* HOW TO COMPLETE THIS TASK
Lines from the one containing "Elegant Gold Bangle with Black Stones" through the final line of the records below are needed, copied exactly, with no pictures.
** Opening EXTRACTED RECORDS block **
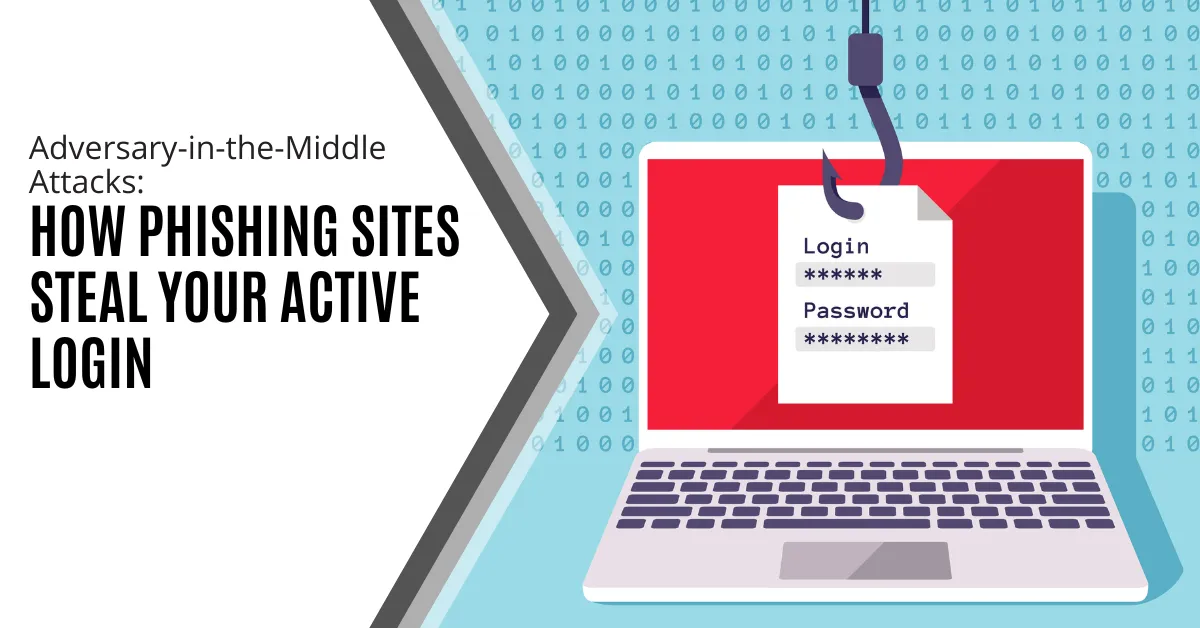 Understanding how AiTM works helps businesses reduce exposure to phishing-resistant sign-ins, tighter session controls, and faster detection of suspicious access.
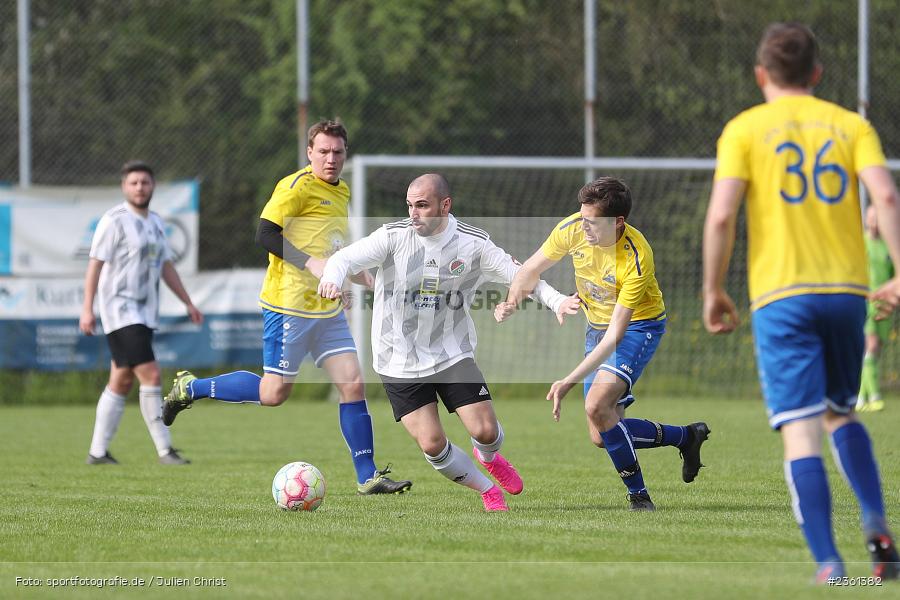Jacob Scheurich, Sportgelände, Nassig, 23.04.2023, sport, action, Fussball, bfv, 29. Spieltag, bfv-Landesliga Odenwald, VFR, SVE, VfR Uissigheim, SV Eintracht Nassig - Bild-ID: 2361382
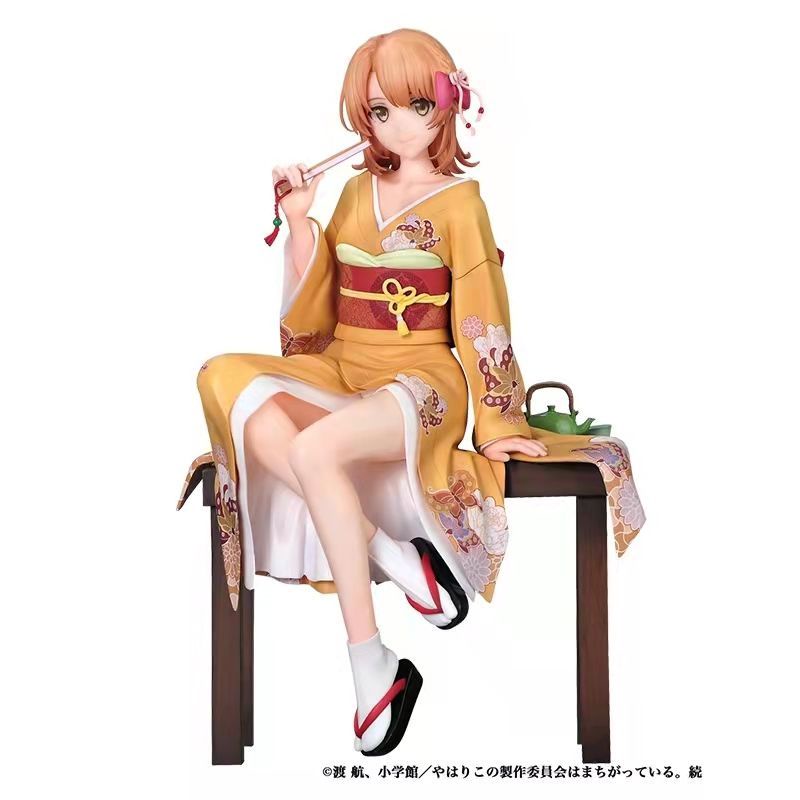 我的青春戀愛物語果然有問題雪之下雪乃手辦動漫二次元美少女手辦擺件（小偉精品）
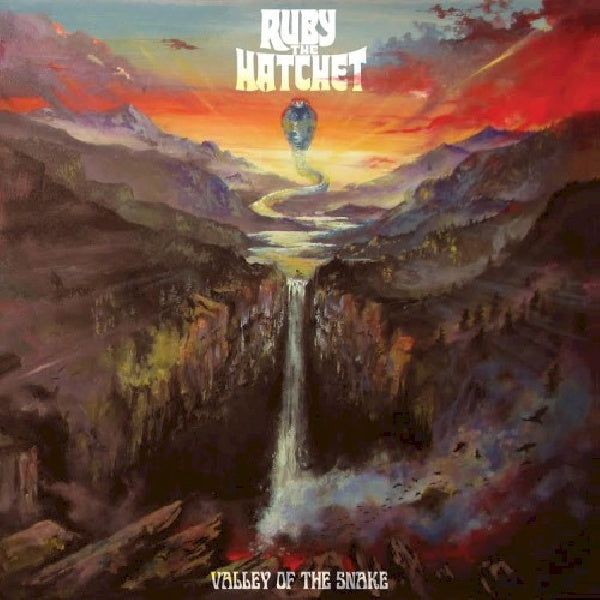 Ruby The Hatchet - Valley of the snake (CD) - Velvet Music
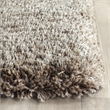 Safavieh South Beach Shag Silver Shag Rug - Runner 2'3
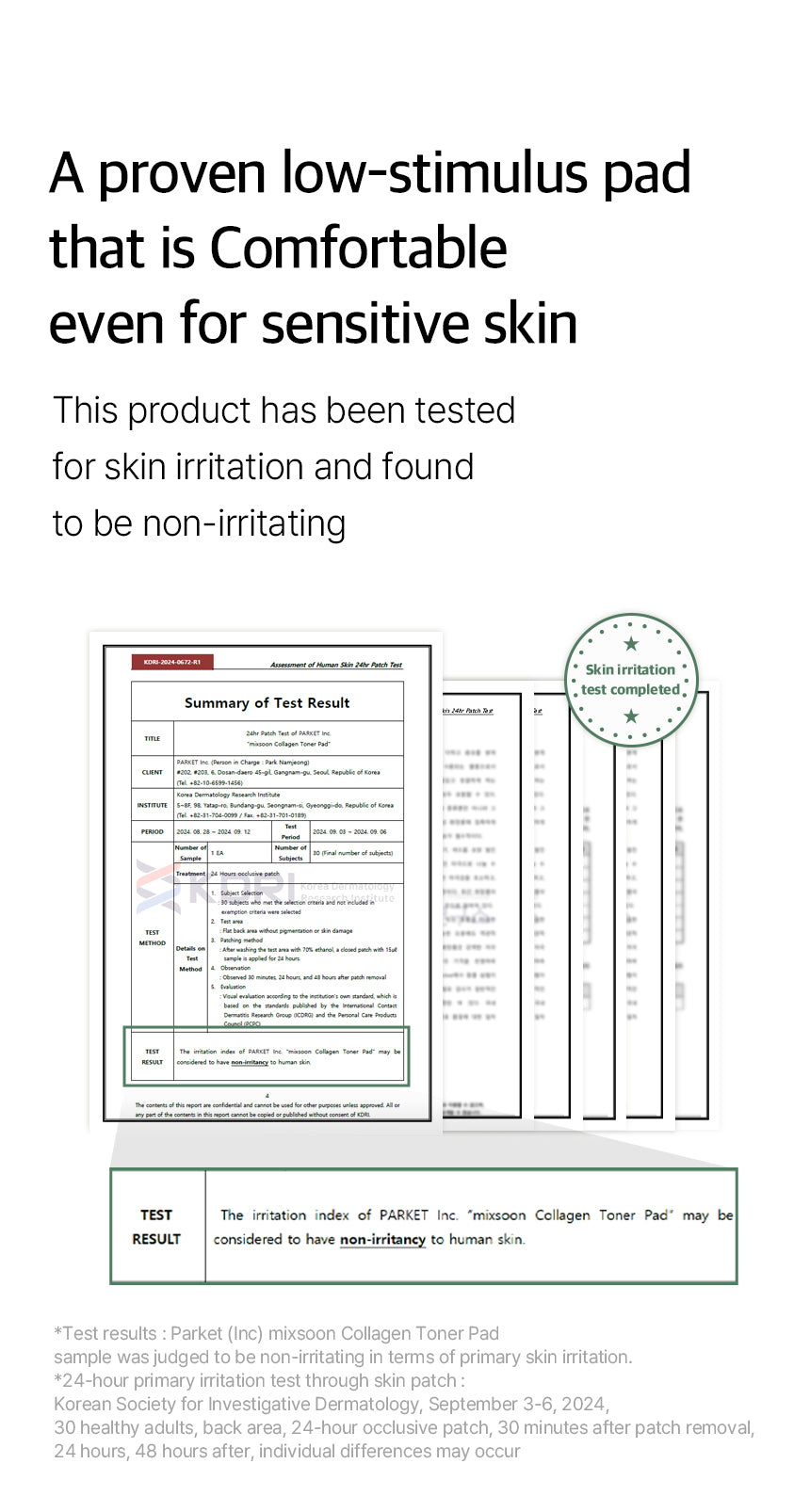 MIXSOON Collagen Toner Pad 110EA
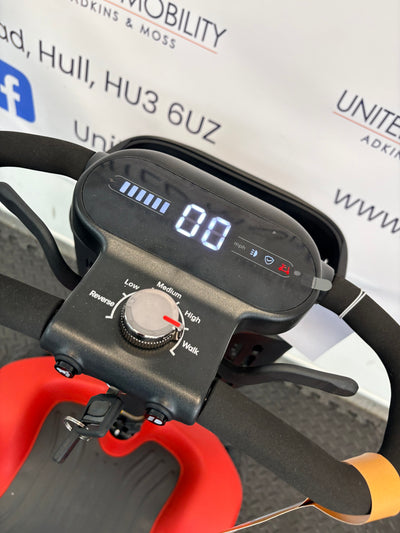 New Strato Cruise 4mph Mobility Scooter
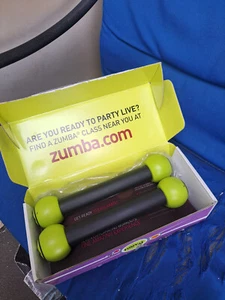 ZUMBA TONING - Hand Held Weights - Open Box - Picture 1 of 4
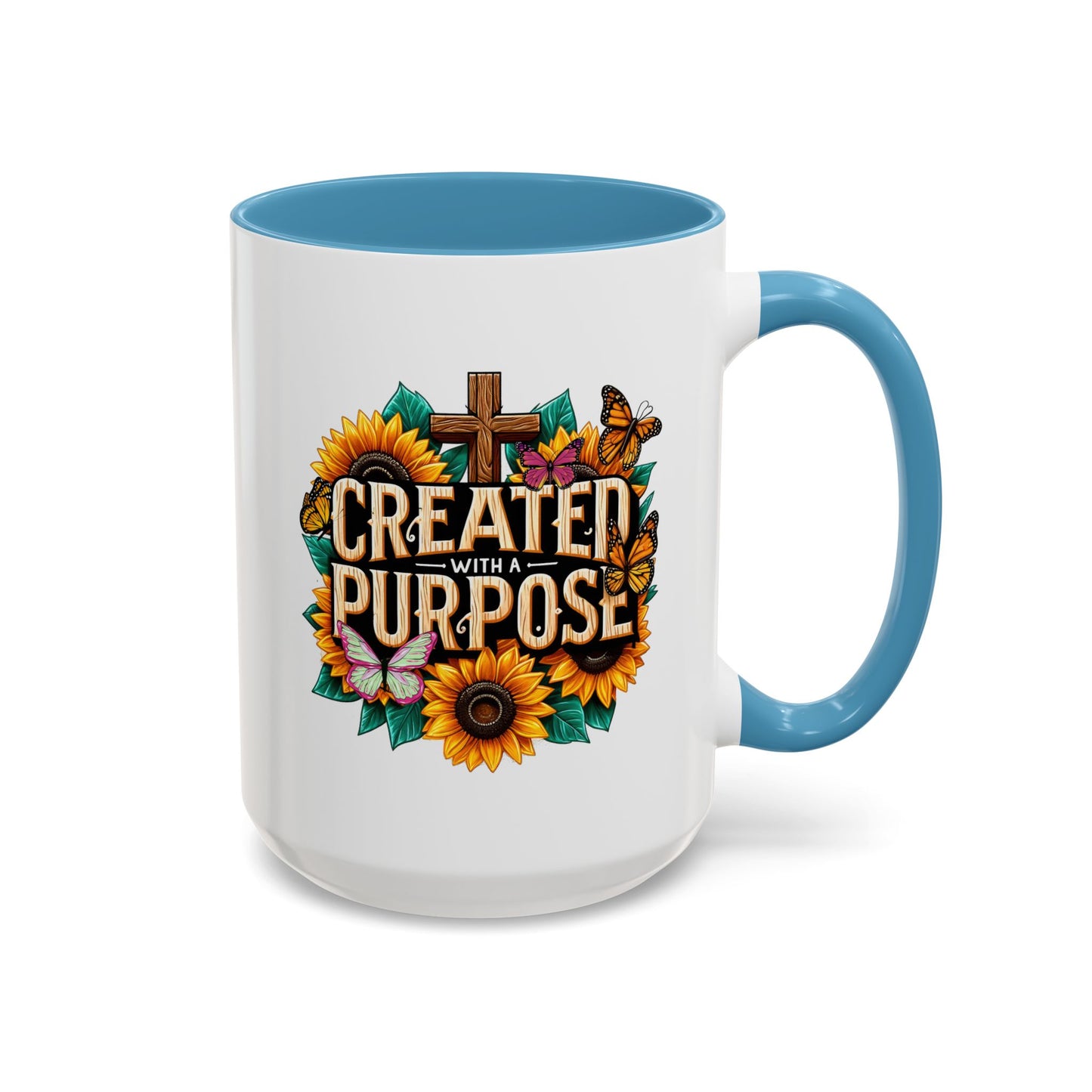Religious Mug - Created With Purpose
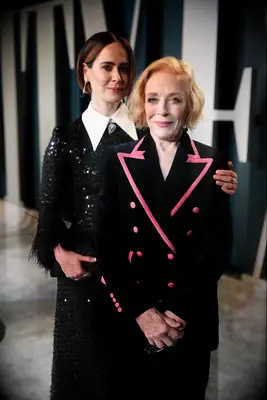 Sarah Paulson and Holland Taylor, most iconic celebrity couples. 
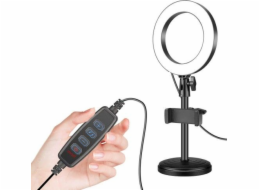 Lampa lampy Mazos MLM-prsten LED prstencová lampa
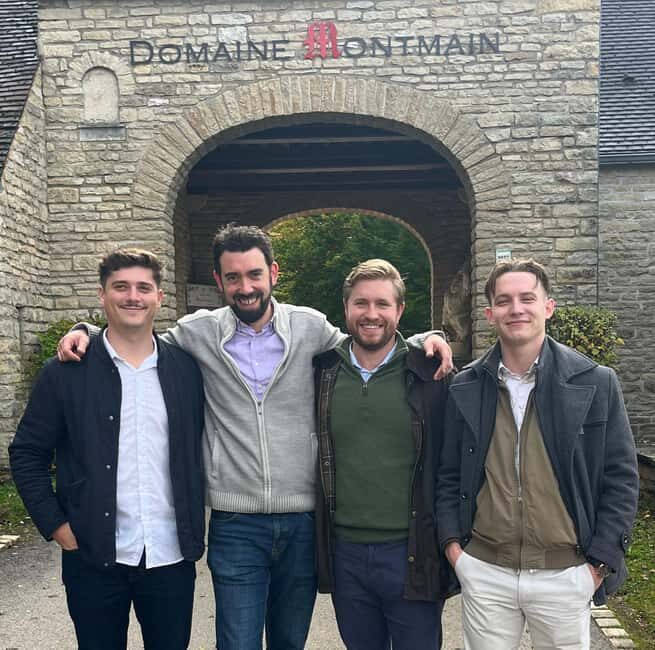 DOMAINE DE MONTMAIN : Visit - Tasting - Sales - What We Loved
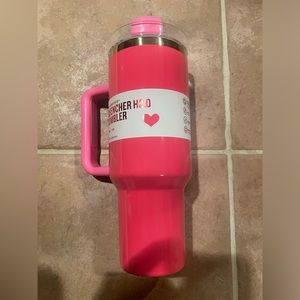 Stanley Pink Adventure Quencher 40 Oz Tumbler - Brand New in Box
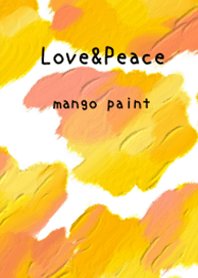 油絵アート【mango paint 24】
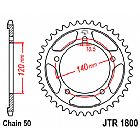 REAR SPROCKET JT JTR1800 44-46 TEETH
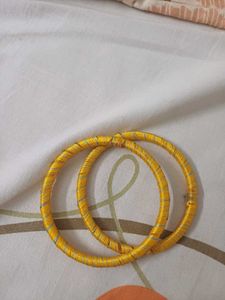Elegant Gold Bangle with Black Stones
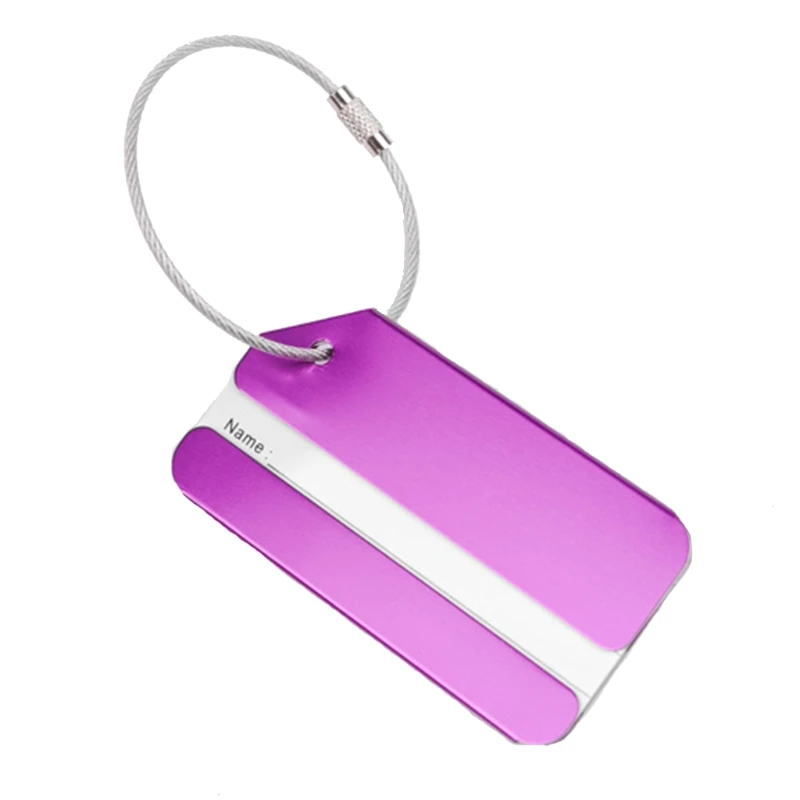 Рисунок 5 - Новые модные багажные бирки из алюминиевого сплава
** Closing EXTRACTED RECORDS block **
* THE COMPLETED TASK
Elegant Gold Bangle with Black Stones
 Рисунок 5 - Новые модные багажные бирки из алюминиевого сплава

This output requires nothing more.